Le 51e État
Je n’ai pas connu l’effervescence du référendum de 1980.
Mais j’ai grandi dans la foulée du climat social que celui-ci a créé, de cette réflexion incessante qui reléguait aux oubliettes ou presque bon nombre de débats.
Ainsi, j’étais un jeune ado de 14 ans lors du deuxième épisode de la saga référendaire québécoise.
J’étais conscient qu’une question importante était débattue, mais j’étais résolument davantage intéressé par le hockey, le baseball et les filles que par la politique.
1995
J’aime raconter cette anecdote qui fut le déclencheur de mon intérêt pour la politique à l’époque du deuxième référendum.
Comme tous les autres jeunes, je barbouillais régulièrement les pages de mon agenda.
Pour la journée du 31 octobre 1995, j’avais dessiné un immense « Souveraineté du Québec ? », avec une case Oui, et une case Non.

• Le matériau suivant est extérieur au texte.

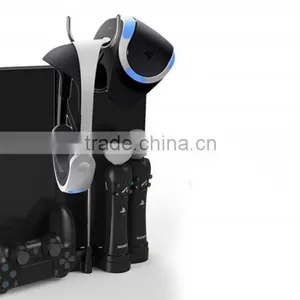 Multi-functional Console Vertical Stand With Quad-port Controller Charger Plus VR Headset Display Station For PS4/Slim/Pro thumbnail-1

Et j’avais inscrit un gros crochet dans le oui.
C’était dans l’air du temps, et les jeunes « cool » étaient tous souverainistes.

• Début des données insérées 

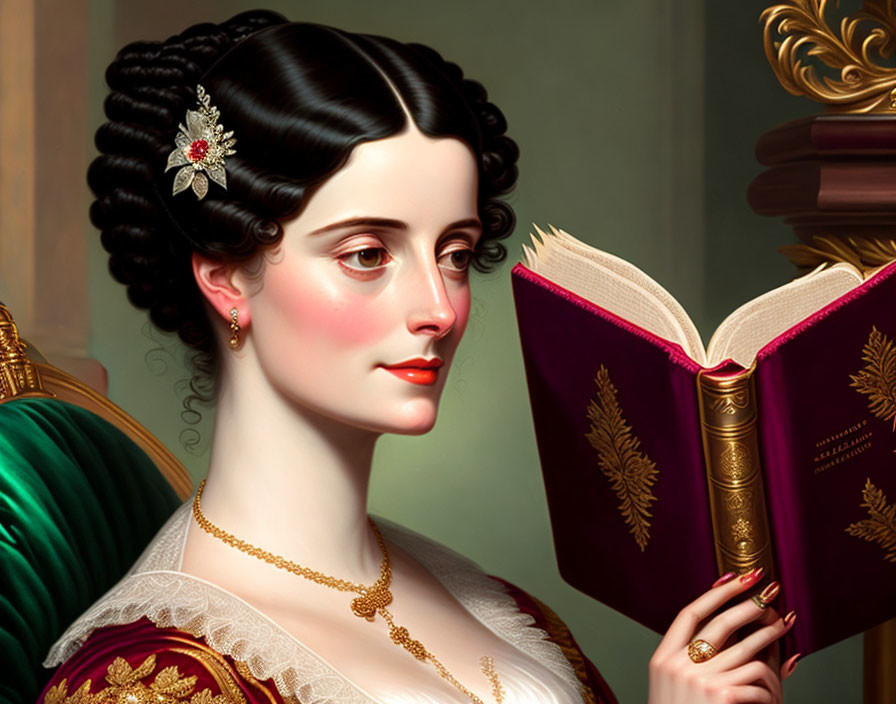 Portrait of woman with dark hair in bun, white dress, holding open book with gold pages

Puis ma soeur aînée, alors impliquée auprès des jeunes libéraux du Québec, avait fouiné dans mon agenda. Diantre. La colère !

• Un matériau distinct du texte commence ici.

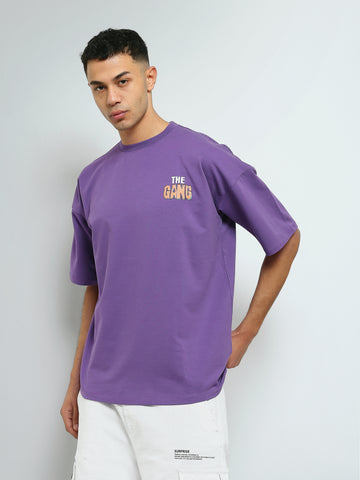Town Team - Men's Comfort round-neck T-shirts Mauve Cotton Blend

« Tu vas m’enlever ça tout de suite, as-tu compris ? » Ne badinant pas avec l’autorité de soeurette, j’ai rapidement dégainé le liquide correcteur et corrigé la situation, en me disant que je comprendrais un jour pourquoi je devais penser ainsi.
Dans les mois qui suivirent, le sujet demeurait brûlant d’actualité malgré le deuxième revers des souverainistes.
Entre deux entraînements de baseball, je me souviens avoir eu maille à partir avec mon ami Nicolas Martin, fervent indépendantiste. On s’entend qu’à ce moment-là, mon sac à arguments était plutôt limité.
Soudainement me vint un éclair de génie : de toute manière, si le Québec devient indépendant, on va se faire ramasser par les États-Unis dans le temps de le dire, pis on va devenir le 51e État américain. Oui monsieur !
Je repense à cela aujourd’hui, et je me dis que ce sophisme, que j’ai utilisé pendant quelques années de jeunesse mal informée, était particulièrement tiré par les cheveux.
BOULE DE CRISTAL
TRUDEAU
N’empêche que la réalité, c’est que nul ne peut savoir ce qui se serait produit si les choses avaient été différentes en 1980, ou en 1995.
C’est facile de jouer à Nostradamus. De regarder le passé avec la lorgnette de ce jour. Nous serions mieux, diront certains. Nous l’avons échappé belle, diront d’autres.
Il m’est avis que le modèle actuel ne nous a pas trop mal servis. À preuve, le projet de pays est plus que jamais sur la glace.
L’est-il pour toujours ? Rien n’est moins certain, quand on regarde le fossé qui semble toujours s’accentuer entre le Québec et le reste du Canada.
C’est bien de savoir d’où on vient. Mais comme je dis toujours à mes amis souverainistes, il faudra arrêter de ressasser le passé. Construire sur les réussites à venir plutôt que sur l’aigrissement de jadis.
Ainsi peut-être vous parviendrez à persuader les plus sceptiques. Même ceux qui ont pensé un jour que le Québec pays deviendrait inévitablement le 51e État américain !
La réalité, c’est que nul ne peut savoir ce qui se serait produit si les choses avaient été différentes.